**Your objective**.
All entries need to be written out verbatim, with pictures omitted.

Segment Open

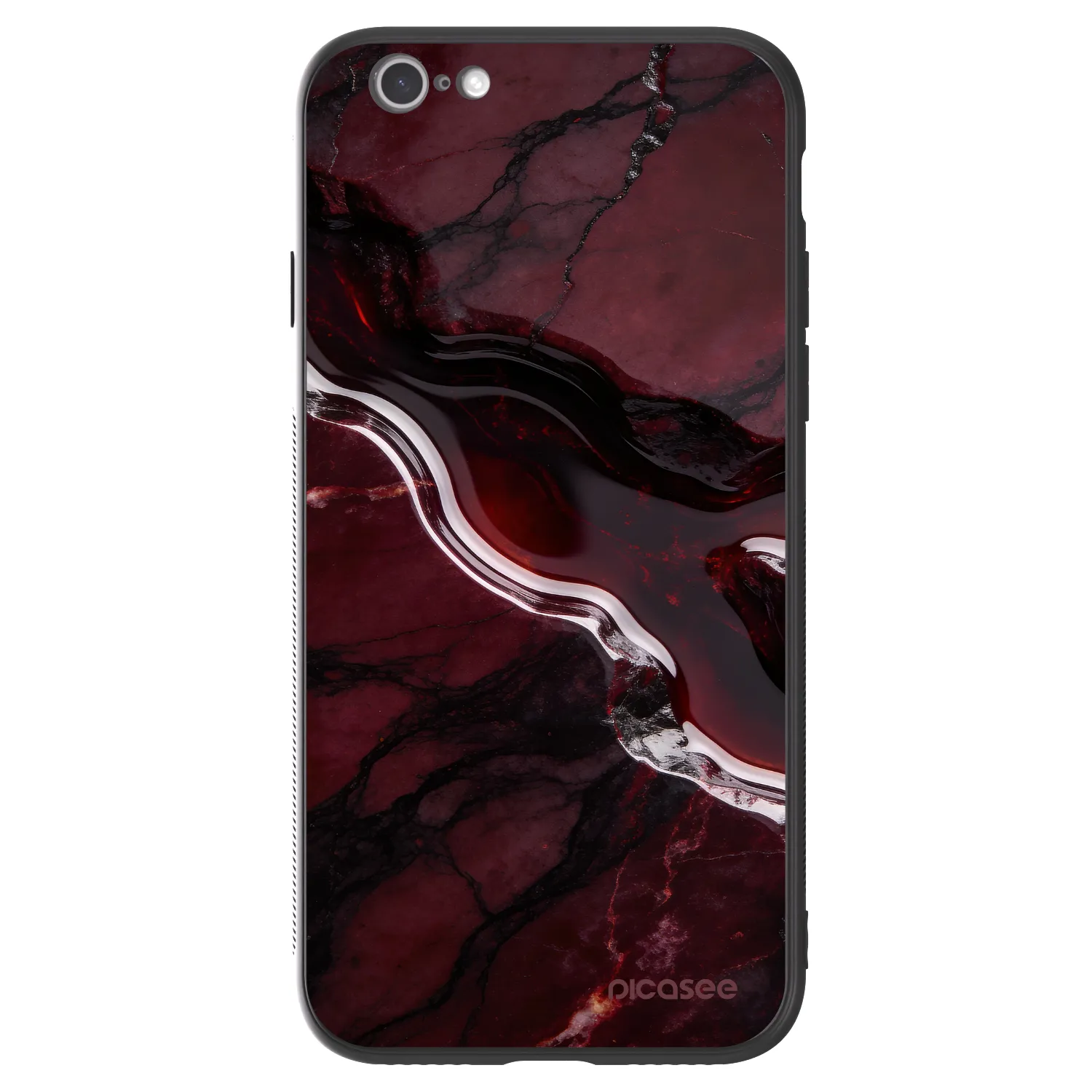 Picasee ULTIMATE CASE für Apple iPhone 6/6S - Cherry stone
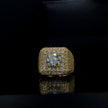 Alpha Crown Ring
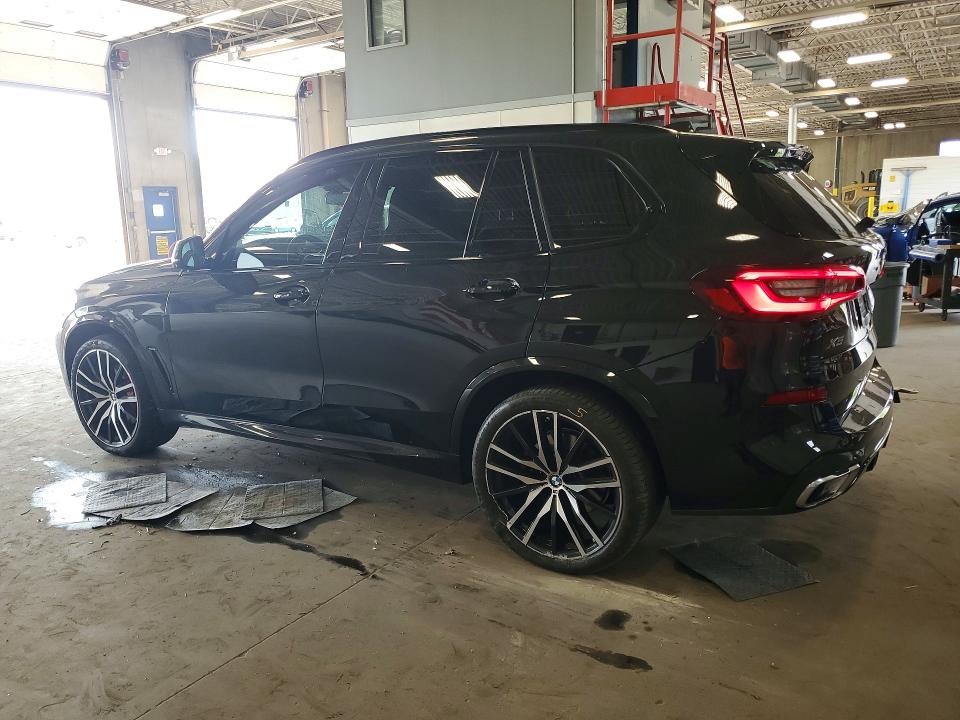 Photo 2 from auction – 2022 BMW X5 with VIN 5UXCR6C00N9L88222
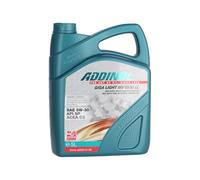 Addinol MZ406 Giga Light MV 5 W-30 Olio Motore LL C3, 5 Litri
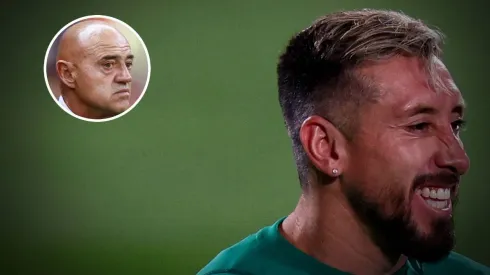 Héctor Herrera y Chelís Sánchez Solá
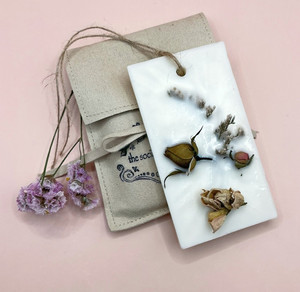 Hanging Wax Scents the social scent co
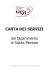 carta dei servizi dsm ulss 5
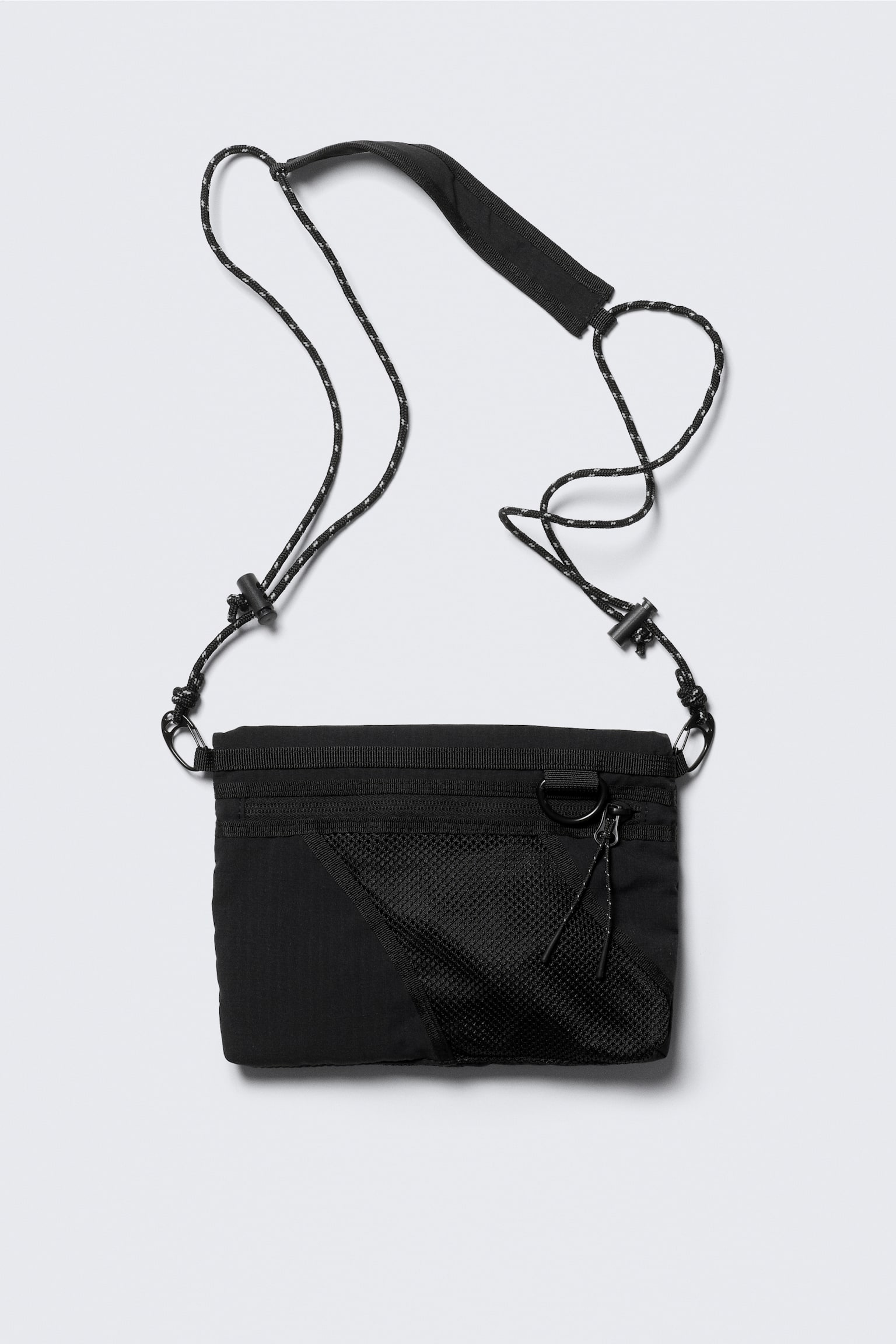 Geantă Mini Utility Crossbody - Negru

Segment Closed

**Output for this exercise**.
 Picasee ULTIMATE CASE für Apple iPhone 6/6S - Cherry stone
 Alpha Crown Ring
 Photo 2 from auction – 2022 BMW X5 with VIN 5UXCR6C00N9L88222
 Addinol MZ406 Giga Light MV 5 W-30 Olio Motore LL C3, 5 Litri
 Héctor Herrera y Chelís Sánchez Solá
 Hanging Wax Scents the social scent co
 carta dei servizi dsm ulss 5
 Geantă Mini Utility Crossbody - Negru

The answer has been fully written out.